Thomas Sowell has this column on Barack Obama, noting that eagerness to have a black President is not a good reason to elect this particular person as President:
Just the power to nominate federal judges to trial courts and appellate courts across the country, including the Supreme Court, can have an enormous impact for decades to come. There is no point feeling outraged by things done by federal judges, if you vote on the basis of emotion for those who appoint them.
Barack Obama has already indicated that he wants judges who make social policy instead of just applying the law. He has already tried to stop young violent criminals from being tried as adults.

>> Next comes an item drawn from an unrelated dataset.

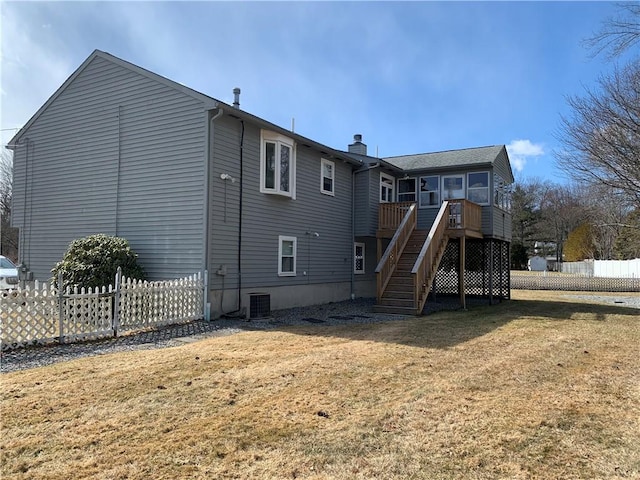 rear view of house featuring a lawn, stairway, central AC, fence, and a deck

Although Senator Obama has presented himself as the candidate of new things — using the mantra of "change" endlessly — the cold fact is that virtually everything has says about domestic policy is straight out of the 1960s and virtually everything he says about foreign policy is straight out of the 1930s.
Protecting criminals, attacking business, increasing government spending, promoting a sense of envy and grievance, raising taxes on people who are productive and subsidizing those who are not — all this is a re-run of the 1960s.

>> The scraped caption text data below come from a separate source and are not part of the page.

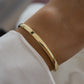 plain solid gold bangle on a wrist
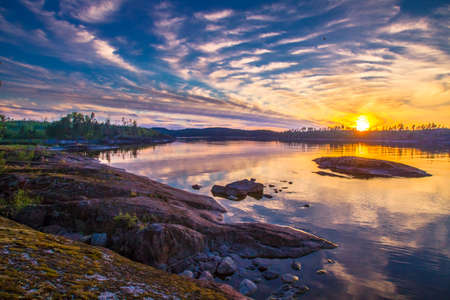 The nature of Finland. Sunset on the shore of the lake. Coastline. Evening clouds. Nature of the North. Summer in Finland.の写真素材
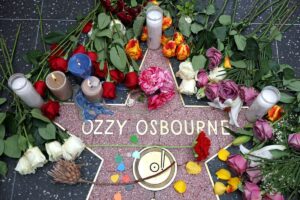 Flowers are left at a makeshift memorial at Ozzy Osbourne's Star on the Hollywood Walk of Fame on July 22, 2025, in Los Angeles.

We paid a terrible price for such 1960s notions in the years that followed, in the form of soaring crime rates, double-digit inflation and double-digit unemployment. During the 1960s, ghettoes across the countries were ravaged by riots from which many have not fully recovered to this day.

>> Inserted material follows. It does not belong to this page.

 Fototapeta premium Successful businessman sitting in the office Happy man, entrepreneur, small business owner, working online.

Indeed, in terms of judicial appointments, America is paying the price to this day for a dismal mistake we made in 1976. Post-Vietnam and post-Watergate, the country was so anxious to change the party in the White House that the voters dumped the steady, reliable Gerald Ford for the little-known quantity from Georgia, Jimmy Carter. Carter's judicial appointments were catastrophic. He single-handedly transformed the Ninth Circuit Court of Appeals, which covers the Far West, from a respected court to a disgrace. Today, California's prison system is in the hands of a panel of three judges that is quite possibly the most anti-law-enforcement panel ever assembled in the history of American law. The three judges and the chief judge who named them to the panel were all appointed by Jimmy Carter.